So far, the video feed seems to be only for users in the U.S., but is very likely to be coming to other countries quickly. Even if you don’t have the new video feed yourself, remember that members of your audience might, so it’s best to optimize your video for mobile now.
So let’s get specific about what you can do to bring people to your brand and develop a good connection with them through both live and recorded video content, thus ensuring you’re positioned well in Facebook’s new mobile video news feed.
Here are 14 ways you can optimize your exposure using the mobile video news feed:
#1: Build for Mobile, Not for Desktop
Facebook states, “Make your video more visually engaging by using a format unique to mobile, such as a vertical or square video.”
It’s easiest to just build for mobile right from the start. You’ll avoid the time and cost of editing for mobile.
Two ways you can build for mobile are: first, focus on a single story. It increases the chances that your video is memorable. Second, change the aspect ratio to square to increase visibility in the feed. The aspect ratio for your videos is the width of the video in relation to its height. For example, a 4:3 aspect ratio means the picture is 4 units wide by 3 units high. You can familiarize yourself with Facebook’s recommended specs for videos here.
Use Animatron Wave to easily and quickly create three versions of the same video: landscape, square, and portrait. It’s one of the easiest video editing tools I’ve come across!
#2: Focus on Capturing Attention Quickly
To draw people to your brand quickly, use colors, themes, and imagery consistent with your brand. Incorporate these four things into the start of your video to spark interest: lifestyle images, action scenes, recognizable spokespeople, and a vibrant background.
Facebook also recently introduced the use of animated GIFs in ads. Used in creative and relevant ways, an animated GIF draws your audience’s eye in a fresh way. Along with GIFs, the use of cinemagraphs can be really eye-catching. In fact, cinemagraph tool Flixel discovered that Facebook ads significantly outperform static photos.

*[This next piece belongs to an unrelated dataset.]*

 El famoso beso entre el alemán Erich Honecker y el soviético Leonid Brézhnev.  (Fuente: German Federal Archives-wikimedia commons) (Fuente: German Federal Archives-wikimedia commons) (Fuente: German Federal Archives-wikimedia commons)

#3: Design for Muted Video Plays
Since 85% of video ads are viewed without sound, it’s important to convey your message visually. Additionally, internal tests conducted by Facebook found that captioned video ads increased video view time by 12% on average.
To take advantage of this, tell a story that can be understood without words and/or add words to the video. You can even include a word-for-word written transcript overlay in your video, using tools such as iMovie, ScreenFlow, Camtasia, Animoto, and Adobe Spark, and/or generate captions or upload the SubRip (.srt) captions file.
Pro Tip: Ensure your text overlay, any materials with writing in the video, and/or text logos are less than 20% of the video dimensions. Although Facebook has relaxed the 20% text rule on visual and video content, your paid (and organic) reach will still be somewhat throttled with larger text.
#4: Create for Small Screens
Consider the dimension and scale of mobile screens. Play with the overall composition and zoom to make sure your story is told well. You’ll also want to make your video/visual content more immersive. For instance, Facebook’s Canvas ads done right can be spectacular, like this one for Brussels Airlines with vibrant colors and embedded square video.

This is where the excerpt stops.